土地収用はしばしば土地収奪につながり、環境汚染や強制移転によって地域の人々の土地や食料への権利、必要な自然資源や生活基盤そのものを奪ってしまう大きなリスクを伴う。

地域の環境や人々の暮らしへの悪影響を最小化するためには、適切なデューディリジェンスのプロセス、つまり事業の開始前に十分な調査や評価を行い、事業によりもたらし得る負の影響を特定し、直接影響を受ける地域住民への説明と対話を通して合意を確保することが求められる。

そして、住民移転は可能な限り回避するか、最小限にし、移転を行う場合は、住民との合意に基づき十分な保障を行うことが鉄則である。

人権を尊重するために必要なプロセスは明確であるにも関わらず、なぜ企業による人権侵害のケースはなくならないのか。

それは、事業による負の影響から守られるべき最も弱い立場にいる人々の声が聞かれていない、あるいは優先されていないから、ということに尽きるのではないか。

住民から訴えられた企業側の答弁としてよく聞かれるのは、「現地の法律に基づいて適切に対応している」というものだが、企業が事業を展開する開発途上国や新興国では、しばしば人権保障のための規制や基準、法制度が整っていない。

人材や能力不足、腐敗や癒着のために法の執行が弱いケースもある。軍や警察による脅迫や暴力などの深刻な問題もしばしば聞かれる。
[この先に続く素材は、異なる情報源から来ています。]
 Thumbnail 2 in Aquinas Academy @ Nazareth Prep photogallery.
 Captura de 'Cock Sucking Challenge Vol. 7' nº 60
企業は、進出先の国の法律を遵守するだけでは、人権侵害のリスクを回避することはできないのだ。

「子どもの権利とビジネス原則」の原則7は、環境破壊や土地収奪が子どもにも深刻な影響をもたらす問題であることを示している。

強制的な移転で生活基盤を奪われた家族の子どもは、適切な生活水準とともに、教育や保健、また成長に必要な栄養価の高い食料へのアクセスも失い、複合的に権利がはく奪された状態に陥ることは想像に難くない。